Better visual working memory for APOE ε4 carriers: #cancelled? We do the math!

A new paper claims that APOE ε4 carriers, a group previously described as having poorer long-term memory, actually have better visual working memory. On Twitter, Prof Dorothy Bishop raised the issue of multiple comparisons, or rather a lack thereof… Should the paper be #cancelled?!

TL;DR: No.


There is a lot of research on the apolipoprotein E (APOE) gene’s three main alleles: ε2, ε3, and ε4. Out of these, ε3 is basic, you don’t really hear a lot about ε2, and ε4 is a bit extra: it is associated with higher risk of Alzheimer’s, and earlier demenita onset. This also means that the APOE ε4 carriers who will end up being diagnosed with a dementia are more likely to have subtle cognitive deficits during the decennia before their diagnosis. (Their brains are already impacted, but not to a high enough degree to notice or meet diagnostic criteria.)

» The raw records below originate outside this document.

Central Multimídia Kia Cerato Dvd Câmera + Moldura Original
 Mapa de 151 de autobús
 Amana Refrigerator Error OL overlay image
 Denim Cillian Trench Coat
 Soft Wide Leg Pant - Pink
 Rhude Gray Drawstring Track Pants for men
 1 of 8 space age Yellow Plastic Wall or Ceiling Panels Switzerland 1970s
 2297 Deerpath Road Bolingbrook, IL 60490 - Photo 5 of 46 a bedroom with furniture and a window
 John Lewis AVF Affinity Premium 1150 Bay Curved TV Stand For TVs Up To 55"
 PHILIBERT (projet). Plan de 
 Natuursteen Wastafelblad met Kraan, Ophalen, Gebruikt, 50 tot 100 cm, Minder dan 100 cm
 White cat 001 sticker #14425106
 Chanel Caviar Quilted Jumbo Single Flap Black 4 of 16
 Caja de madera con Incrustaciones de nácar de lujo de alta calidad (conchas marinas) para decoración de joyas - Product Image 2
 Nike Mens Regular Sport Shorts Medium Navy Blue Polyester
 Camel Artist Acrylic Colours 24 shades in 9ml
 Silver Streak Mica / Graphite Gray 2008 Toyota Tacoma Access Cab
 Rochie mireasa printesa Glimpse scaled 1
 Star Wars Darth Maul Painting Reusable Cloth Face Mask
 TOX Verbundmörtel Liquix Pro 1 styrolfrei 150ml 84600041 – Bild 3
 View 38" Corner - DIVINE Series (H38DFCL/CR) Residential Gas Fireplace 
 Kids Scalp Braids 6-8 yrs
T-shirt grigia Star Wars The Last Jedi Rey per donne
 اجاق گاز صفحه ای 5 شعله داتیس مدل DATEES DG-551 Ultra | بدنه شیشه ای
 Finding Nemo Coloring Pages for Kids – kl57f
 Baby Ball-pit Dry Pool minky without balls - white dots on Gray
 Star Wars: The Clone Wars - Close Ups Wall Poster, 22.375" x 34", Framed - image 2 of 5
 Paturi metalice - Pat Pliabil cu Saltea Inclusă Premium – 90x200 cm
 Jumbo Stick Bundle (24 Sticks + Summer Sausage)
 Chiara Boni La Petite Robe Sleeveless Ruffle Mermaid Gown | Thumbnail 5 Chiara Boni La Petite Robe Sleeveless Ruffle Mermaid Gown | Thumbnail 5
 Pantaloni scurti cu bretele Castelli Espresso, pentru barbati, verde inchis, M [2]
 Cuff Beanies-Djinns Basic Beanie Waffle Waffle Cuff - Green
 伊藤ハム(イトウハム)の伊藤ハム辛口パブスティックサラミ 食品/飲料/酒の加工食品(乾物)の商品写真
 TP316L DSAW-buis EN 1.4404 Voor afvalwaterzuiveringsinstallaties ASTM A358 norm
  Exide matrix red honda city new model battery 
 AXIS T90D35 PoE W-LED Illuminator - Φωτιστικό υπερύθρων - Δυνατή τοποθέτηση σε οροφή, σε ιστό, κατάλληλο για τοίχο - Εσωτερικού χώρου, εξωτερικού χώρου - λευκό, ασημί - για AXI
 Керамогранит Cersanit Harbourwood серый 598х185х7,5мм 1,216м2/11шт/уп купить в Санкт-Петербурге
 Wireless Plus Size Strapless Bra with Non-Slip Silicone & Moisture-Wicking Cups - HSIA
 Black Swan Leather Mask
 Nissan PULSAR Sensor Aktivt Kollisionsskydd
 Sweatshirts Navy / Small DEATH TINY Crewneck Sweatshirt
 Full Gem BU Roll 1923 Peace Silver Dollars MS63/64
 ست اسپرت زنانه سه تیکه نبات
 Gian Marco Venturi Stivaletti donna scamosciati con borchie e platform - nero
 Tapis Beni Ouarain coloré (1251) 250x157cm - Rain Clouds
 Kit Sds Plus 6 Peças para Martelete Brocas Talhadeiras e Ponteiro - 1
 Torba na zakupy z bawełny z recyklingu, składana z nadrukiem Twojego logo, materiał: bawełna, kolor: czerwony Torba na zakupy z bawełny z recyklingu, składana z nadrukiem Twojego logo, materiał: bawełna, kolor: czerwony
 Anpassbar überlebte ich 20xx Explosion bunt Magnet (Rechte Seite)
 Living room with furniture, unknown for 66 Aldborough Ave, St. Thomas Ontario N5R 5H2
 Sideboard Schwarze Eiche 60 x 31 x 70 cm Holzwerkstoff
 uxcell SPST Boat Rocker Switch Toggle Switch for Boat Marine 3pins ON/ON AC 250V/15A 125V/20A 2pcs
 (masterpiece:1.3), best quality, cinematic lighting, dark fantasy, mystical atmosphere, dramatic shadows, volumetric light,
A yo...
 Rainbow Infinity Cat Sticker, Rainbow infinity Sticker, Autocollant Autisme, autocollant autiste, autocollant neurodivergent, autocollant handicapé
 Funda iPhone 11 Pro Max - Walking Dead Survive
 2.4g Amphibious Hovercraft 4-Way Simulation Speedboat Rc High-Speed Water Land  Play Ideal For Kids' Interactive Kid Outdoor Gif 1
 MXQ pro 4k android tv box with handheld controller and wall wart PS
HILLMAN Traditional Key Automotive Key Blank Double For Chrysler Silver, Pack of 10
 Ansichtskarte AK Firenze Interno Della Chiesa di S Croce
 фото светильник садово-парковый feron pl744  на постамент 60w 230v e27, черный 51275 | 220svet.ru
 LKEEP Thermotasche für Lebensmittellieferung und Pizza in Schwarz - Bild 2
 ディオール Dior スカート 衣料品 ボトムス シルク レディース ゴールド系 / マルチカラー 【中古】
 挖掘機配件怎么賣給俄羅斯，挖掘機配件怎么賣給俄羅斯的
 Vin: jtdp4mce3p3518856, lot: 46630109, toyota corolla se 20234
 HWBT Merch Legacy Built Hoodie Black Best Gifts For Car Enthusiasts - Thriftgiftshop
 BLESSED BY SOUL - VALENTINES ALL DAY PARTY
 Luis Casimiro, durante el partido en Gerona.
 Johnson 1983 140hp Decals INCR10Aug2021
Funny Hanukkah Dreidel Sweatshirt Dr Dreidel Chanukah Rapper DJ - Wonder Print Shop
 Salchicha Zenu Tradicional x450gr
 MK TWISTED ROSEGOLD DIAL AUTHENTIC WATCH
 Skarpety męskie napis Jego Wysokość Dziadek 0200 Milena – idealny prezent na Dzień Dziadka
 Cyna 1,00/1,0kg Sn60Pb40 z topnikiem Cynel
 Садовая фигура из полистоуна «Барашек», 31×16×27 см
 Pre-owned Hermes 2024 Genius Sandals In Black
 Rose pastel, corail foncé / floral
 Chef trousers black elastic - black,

Some people have thus asked: “C’mon, evolution, why have you not gotten rid of APOE ε4 if it’s such a bad allele?” One idea is that APOE ε4 also confers certain benefits that could outweigh some of its downsides. In line with this approach, Kirsty Lu and co-authors attempted to look for cognitive benefits in APOE ε4 carriers, and reported on it in an article in Nature Aging (see the full reference at the bottom of this post).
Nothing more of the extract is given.